What the exercise asks »
Hand back all of the records exactly as they read.

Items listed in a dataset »
>>>>

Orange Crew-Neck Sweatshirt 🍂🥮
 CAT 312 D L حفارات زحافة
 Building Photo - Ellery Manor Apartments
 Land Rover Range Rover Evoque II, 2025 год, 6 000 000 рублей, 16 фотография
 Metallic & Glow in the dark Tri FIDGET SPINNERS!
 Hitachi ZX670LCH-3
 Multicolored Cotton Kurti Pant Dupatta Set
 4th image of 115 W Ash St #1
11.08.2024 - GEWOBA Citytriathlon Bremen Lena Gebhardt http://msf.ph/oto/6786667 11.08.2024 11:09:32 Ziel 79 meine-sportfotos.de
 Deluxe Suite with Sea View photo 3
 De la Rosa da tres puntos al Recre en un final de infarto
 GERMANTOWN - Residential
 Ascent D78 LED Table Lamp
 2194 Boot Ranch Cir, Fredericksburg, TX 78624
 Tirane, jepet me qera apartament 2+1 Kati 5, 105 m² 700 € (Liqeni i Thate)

<<<<

Written answer »
Orange Crew-Neck Sweatshirt 🍂🥮
 CAT 312 D L حفارات زحافة
 Building Photo - Ellery Manor Apartments
 Land Rover Range Rover Evoque II, 2025 год, 6 000 000 рублей, 16 фотография
 Metallic & Glow in the dark Tri FIDGET SPINNERS!
 Hitachi ZX670LCH-3
 Multicolored Cotton Kurti Pant Dupatta Set
 4th image of 115 W Ash St #1
11.08.2024 - GEWOBA Citytriathlon Bremen Lena Gebhardt http://msf.ph/oto/6786667 11.08.2024 11:09:32 Ziel 79 meine-sportfotos.de
 Deluxe Suite with Sea View photo 3
 De la Rosa da tres puntos al Recre en un final de infarto
 GERMANTOWN - Residential
 Ascent D78 LED Table Lamp
 2194 Boot Ranch Cir, Fredericksburg, TX 78624
 Tirane, jepet me qera apartament 2+1 Kati 5, 105 m² 700 € (Liqeni i Thate)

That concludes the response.